Em conclusão, esta “benesse”, que numa primeira leitura pode parecer positiva, poderá no futuro (o que parece já está a suceder) mostrar-se prejudicial para os militares da GNR que assim se afastam dos restantes militares (FFAA) e da própria condição militar, correndo o risco de passarem a ser considerados “militares de segunda”, porque ao contrário do que ocorre nalguns países, designadamente em Itália em que os “Carabinieri” de há muito estão sujeitos a um horário, também as Forças Armadas italianas o estão, não havendo por consequência tratamentos diferenciados entre uns e outros.
Não se pode querer ser militar apenas para a parte boa.
Nota: O horário de referência foi entretanto regulamentado pelo General Comandante-Geral da GNR.
Lisboa, 7 de Outubro de 2016
Carlos Manuel Gervásio Branco, Coronel (Res)
[1] Acórdão de 20 de Maio de 2010 (processo C-158-09, Comissão Europeia contra Espanha).
[2] Ver artigo 20º do RGSUE e artigo 28º do RGSGNR (horário de serviço), o que é diferente de horário máximo para prestação de serviço por parte dos militares.
[3]“Aos militares na efectividade de serviço não são aplicáveis as normas constitucionais relativas aos direitos dos trabalhadores cujo exercício pressuponha os direitos fundamentais a que se referem os artigos seguintes, na medida em que por eles sejam restringidos,nomeadamente a liberdade sindical, o direito à criação e integração de comissões detrabalhadores e o direito à greve” (Nº3 do artigo 26º da Lei de Defesa Nacional).
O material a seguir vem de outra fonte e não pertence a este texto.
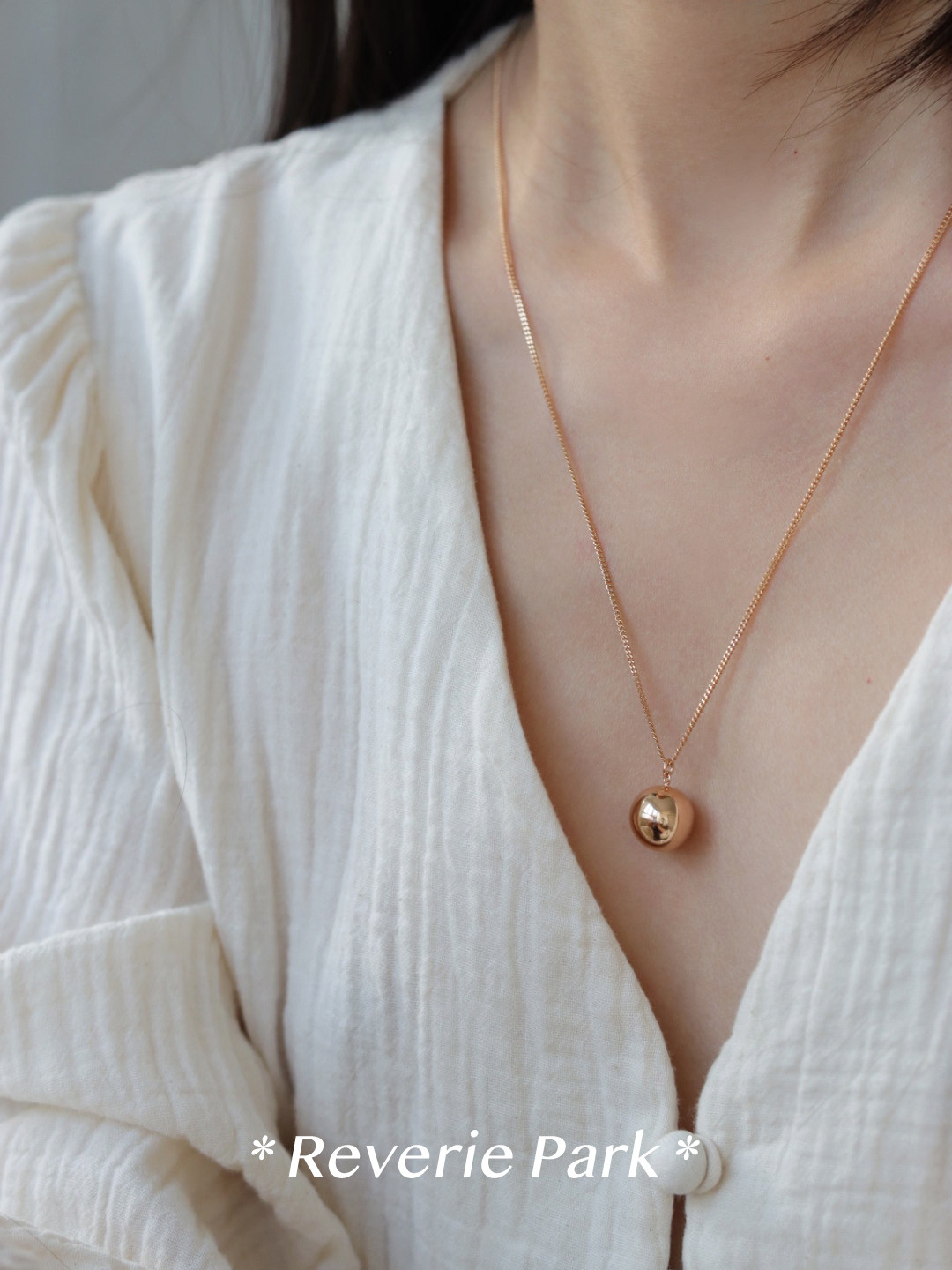 「偶然accident」有求必应 圆球超长毛衣链极高级法式优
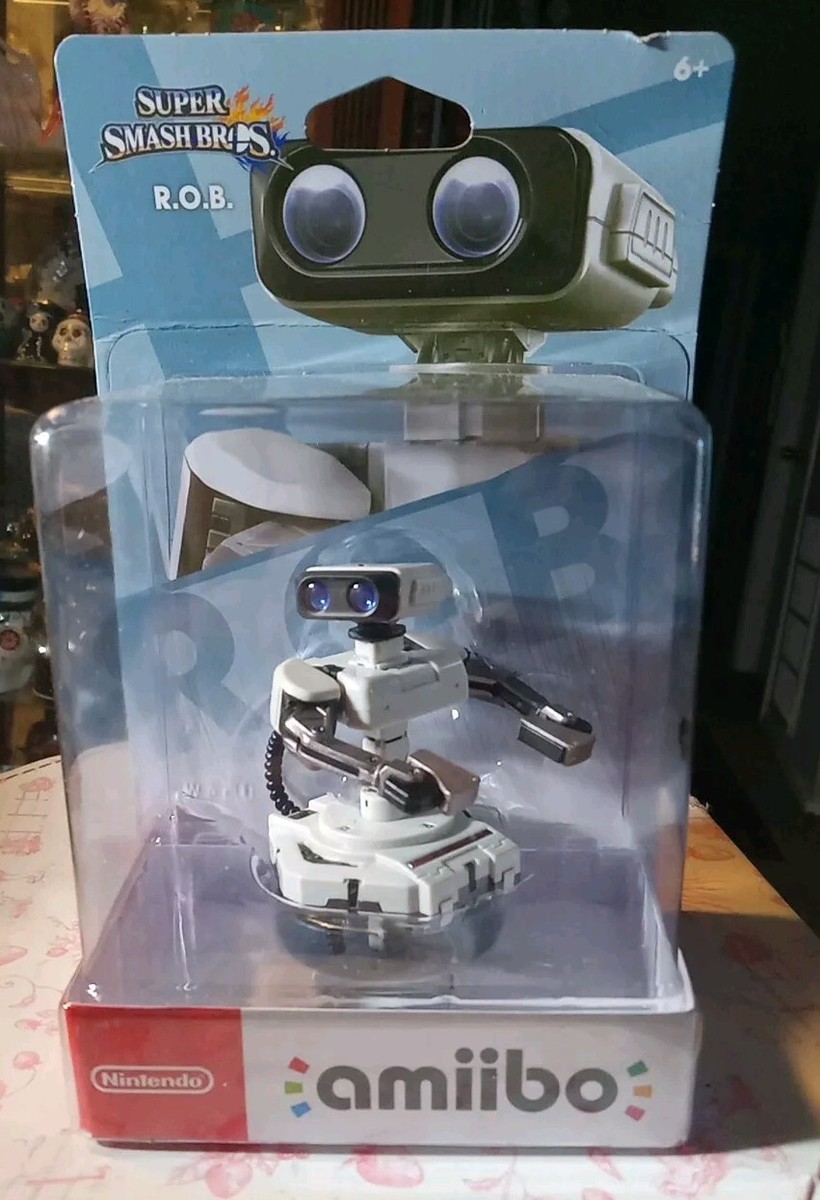 Amiibo - R.O.B. Super Smash Bros Amiibo- Nintendo New Sealed | eBay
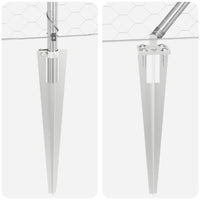 Recinzione con pali. Argento 1.6 x 100 m 3353463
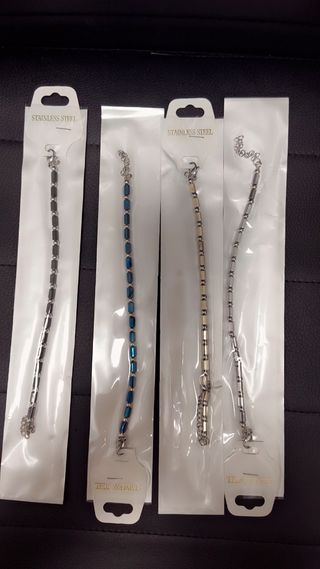 Braccialetti acciaio | 4 pezzi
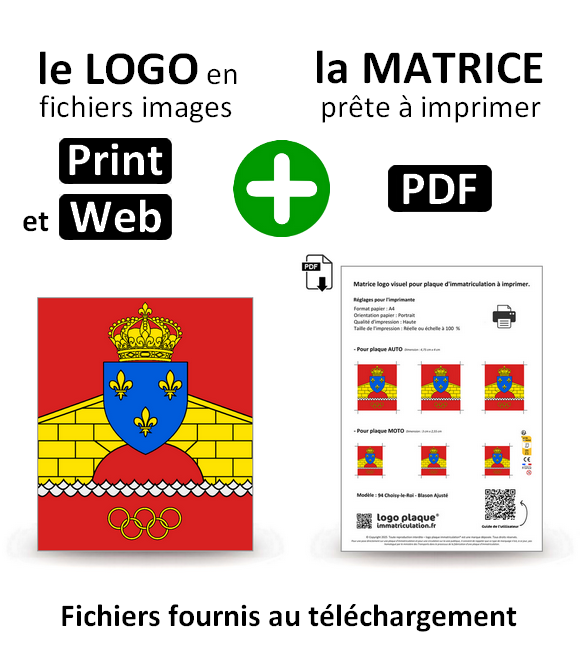 94 Choisy-le-Roi - Blason Ajusté
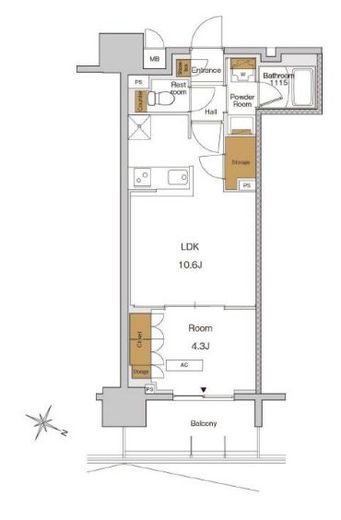 RJRプレシア東十条ガーデン 522 間取り図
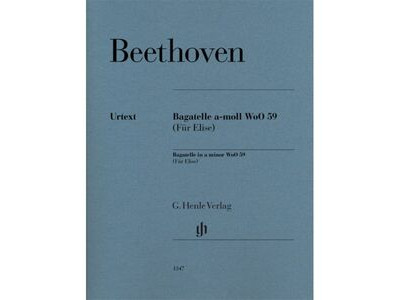Henle Beethoven Bagatelle in A Minor Fur Elise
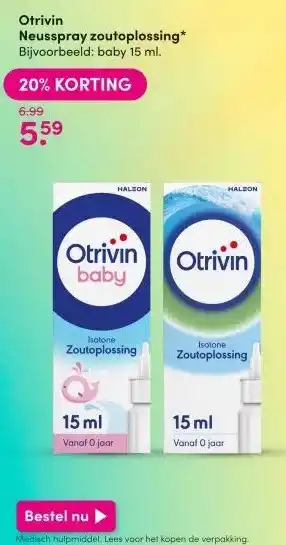 DA Otrivin Neusspray zoutoplossing aanbieding
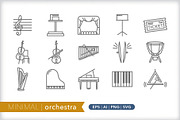 Minimal orchestra icons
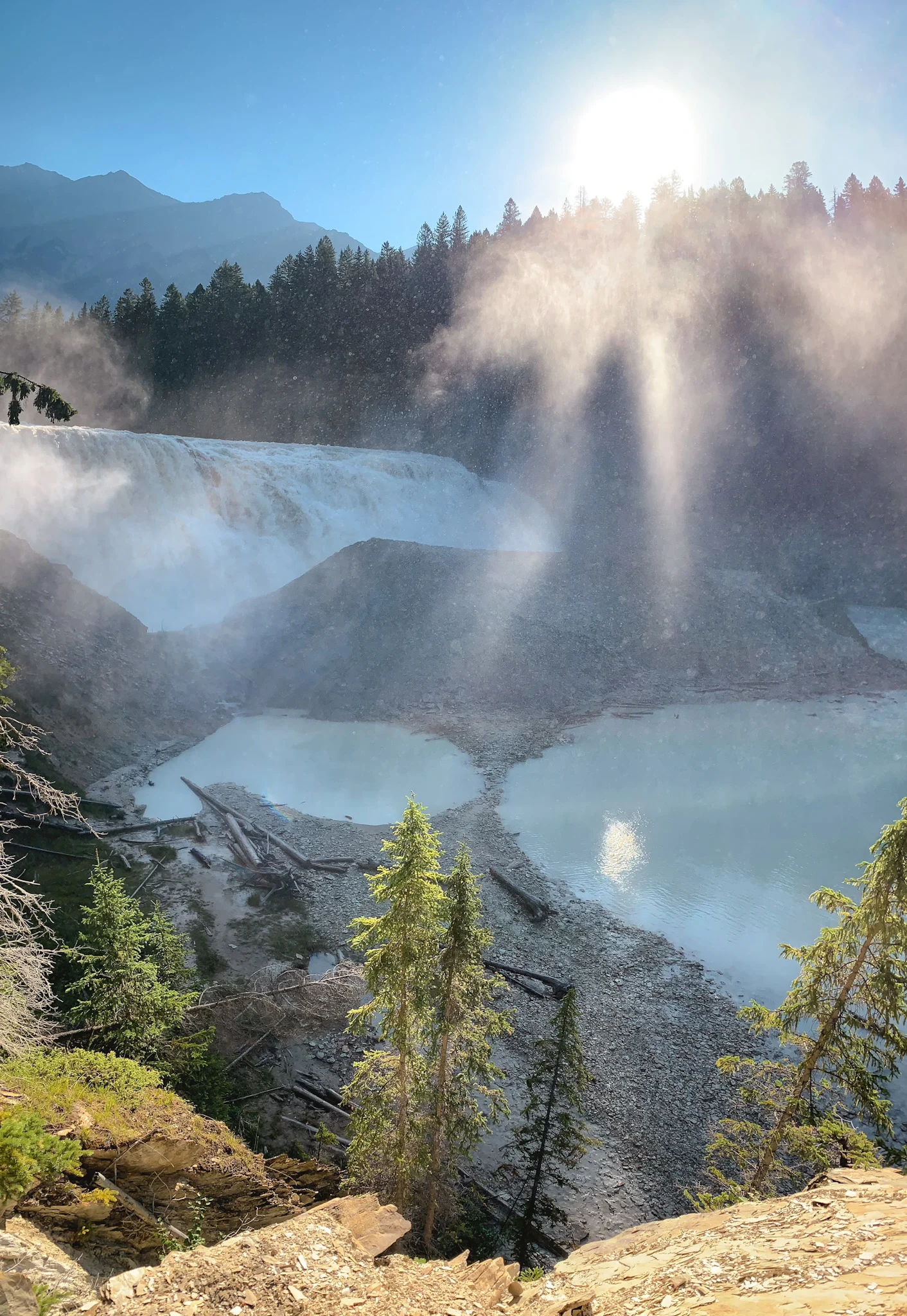 Wapta Falls in Yoho National Park, British Columbia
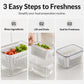 ⏳🔥LIMITED-TIME 50% OFF! ⏰3-Piece Fruit Drain Basket and Storage Container Set with Lids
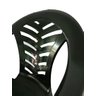 Cadeira Plástica até 154kg Resistente Área Piscina Preto - 8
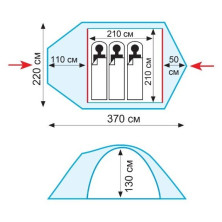 Намет Tramp Lair 3 v2 TRT-039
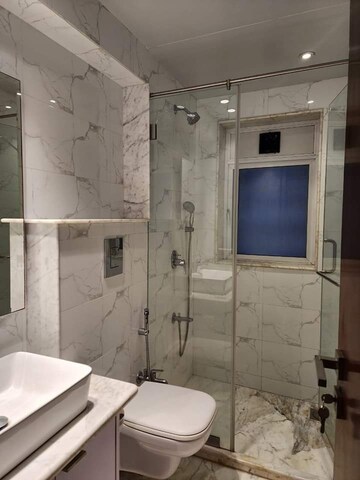 Bathroom in 2 BHK Apartment at Bandra West – for Rent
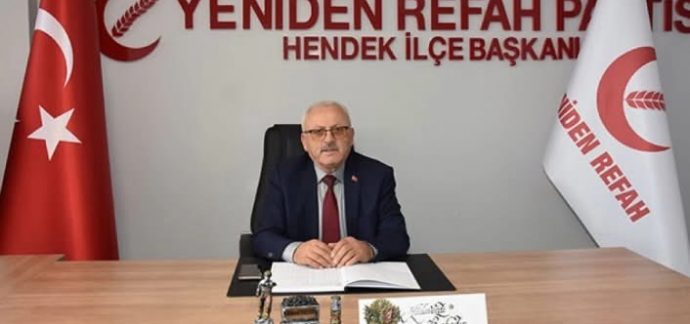 Yeniden Refah Partisi Hendek İlçe Başkanı Hüdaverdi BAHADIR ’ndan 23 Nisan Mesajı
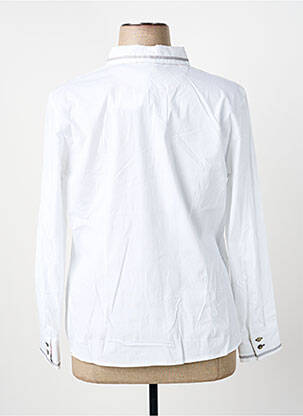 Chemisier coupe cintrée manches longues blanc RABE femme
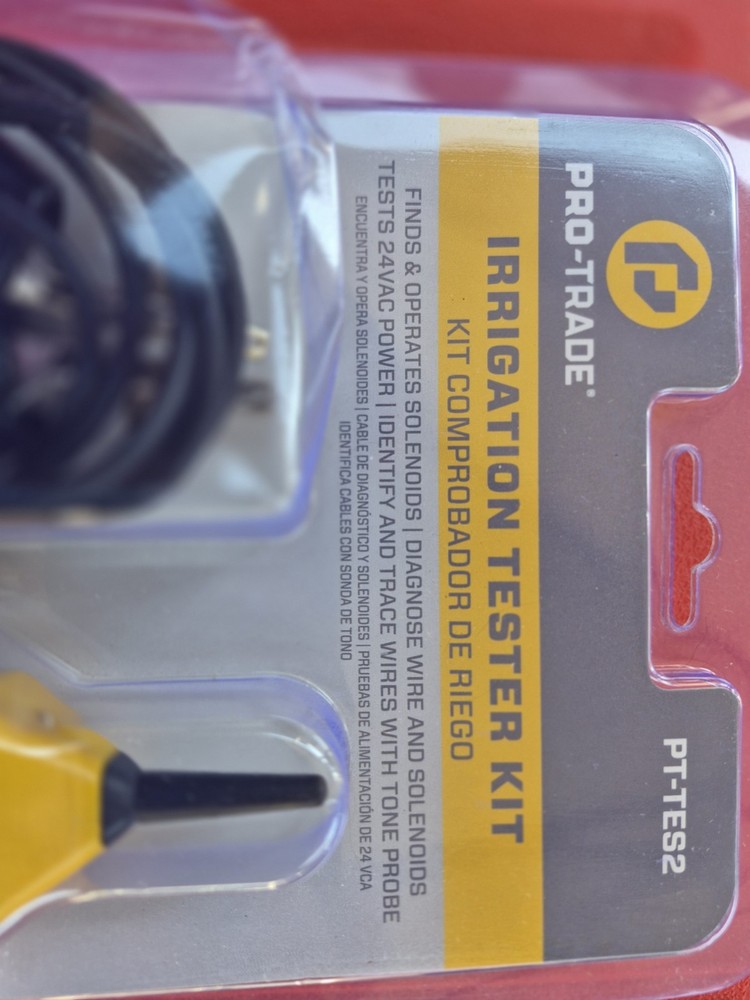 pro trade irrigation tester probe kit pt tes2 with case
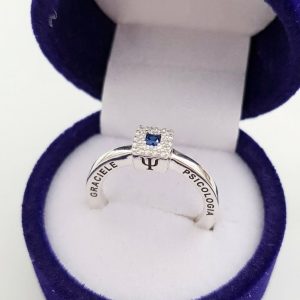Anel Formatura e Profissão Prata 925 - 14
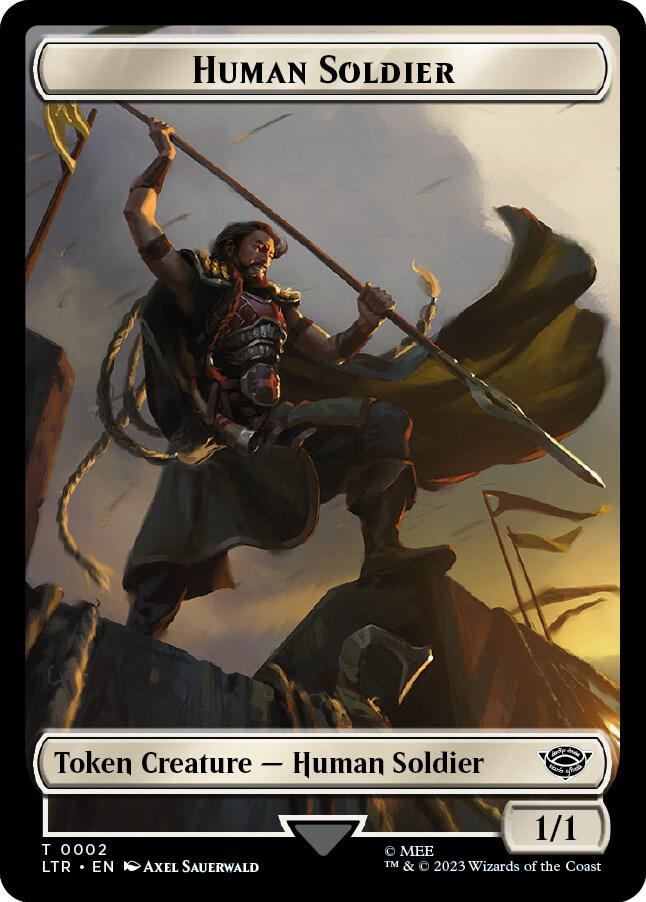 Human Soldier Token (0002) [Universes Beyond: The Lord of the Rings: Tales of Middle-earth] 2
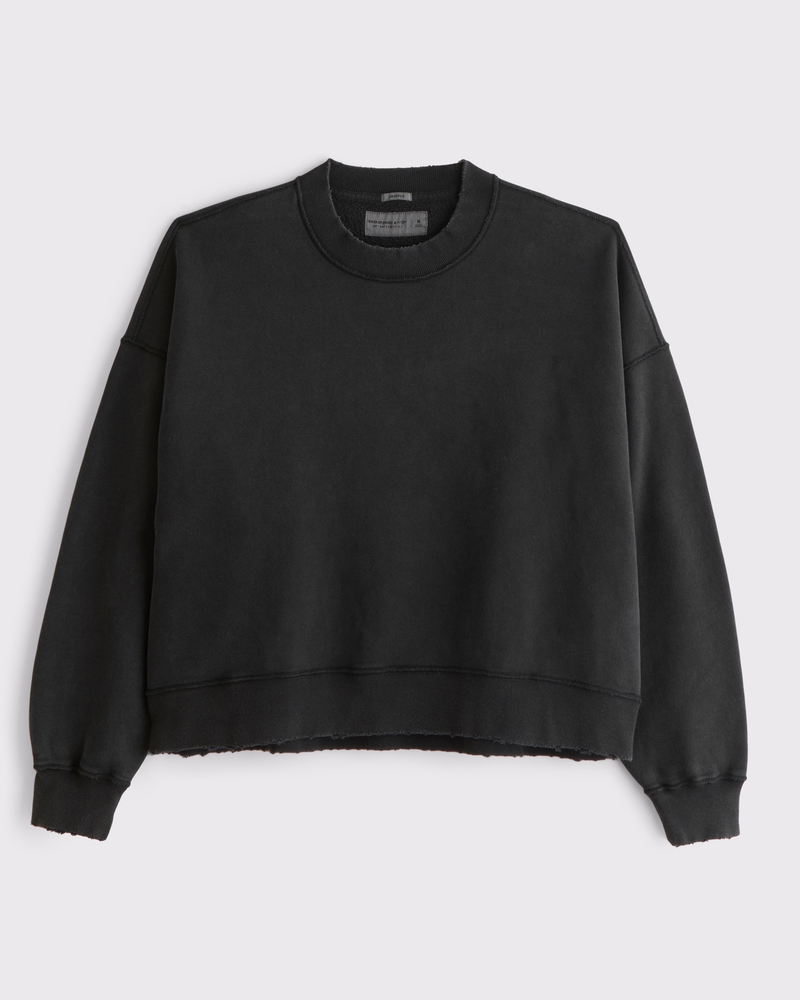 Cropped crew neck sale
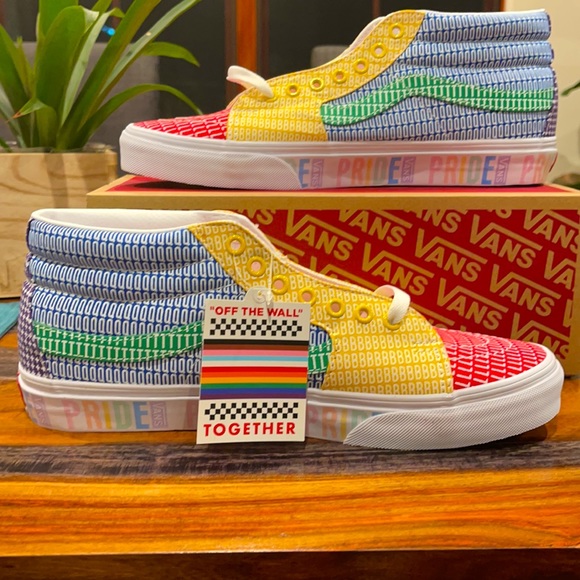 Vans Other - Vans SK-8 Pride Sneakers size 10.5. So GORGEOUS!!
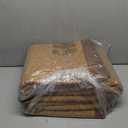 YDKGL Washable Area Rug 6x9 Large Jute Like Rug for Living Room, Soft Non Slip Rugs Carpet for Dining Room Bedroom Cotton Boho Woven Braided Rugs Home Office Decor, Brown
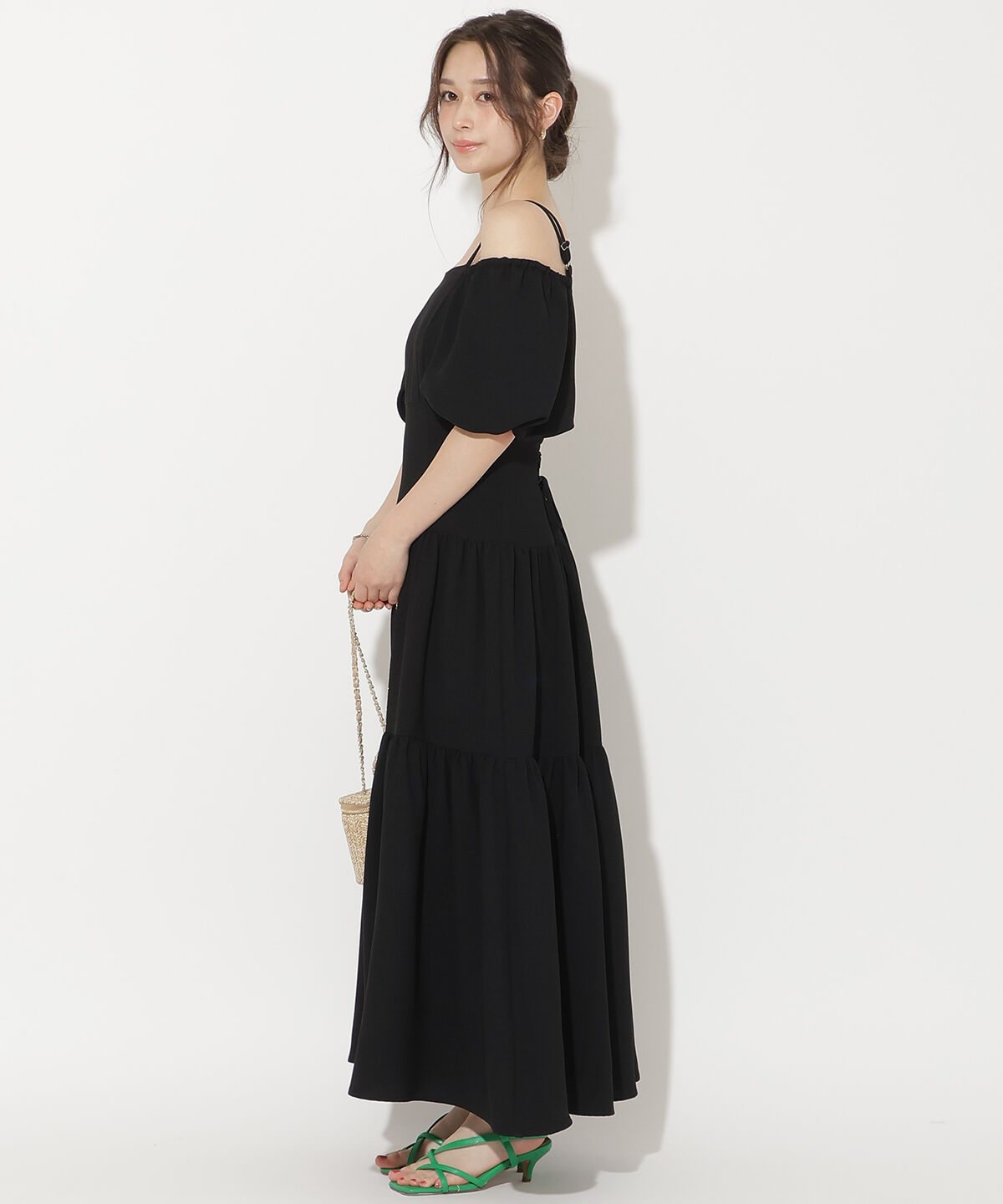 WILLSELECTION「2WAYスリーブティアードワンピース」|ワンピース|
[4] Artigo 1º, nº1 da Lei nº63/2007, de 6 de Novembro.
[5] “O serviço das unidades é contínuo e pode ser accionado por duas cadeias de responsabilidade distintas: a) Uma é a cadeia normal de comando, que acciona todo o serviço, e que funciona quando todos os seus órgãos estão activos e que, em geral, corresponde ao período normal de expediente; b) A outras, reduzida, substitua e delegada da primeira, que é constituída pelo pessoal nomeado diariamente para o serviço, segundo o critério de escala estabelecido, e que acciona o serviço da unidade, quando em actividade reduzida” (artº 27º do RGSGNR).
[6] “Guarda”, é a força armada, de efectivo variável e adequado às circunstâncias, que pode ser colocada em instalações da GNR, edifícios públicos ou outros locais, com o objectivo de, através de sentinelas e de patrulhas, conjugadas com animais e meios tecnológicos de vigilância e detecção, vigiar determinadas áreas ou manter a sua segurança. A guarda ao quartel denomina-se de polícia e as exteriores de guarnição (artigo 129º do RGSGNR) ou “Guarda”, é uma força militar armada colocada geralmente pelo espaço de 24 horas nos quartéis ou outros locais, a fim de garantir a defesa imediata. A guarda ao quartel denomina-se de “polícia” e as exteriores, de “guarnição” (artigo 86º do RGSUE).
[7] Artigo 40º do RGSGNR e artigo 31º do RGSUE.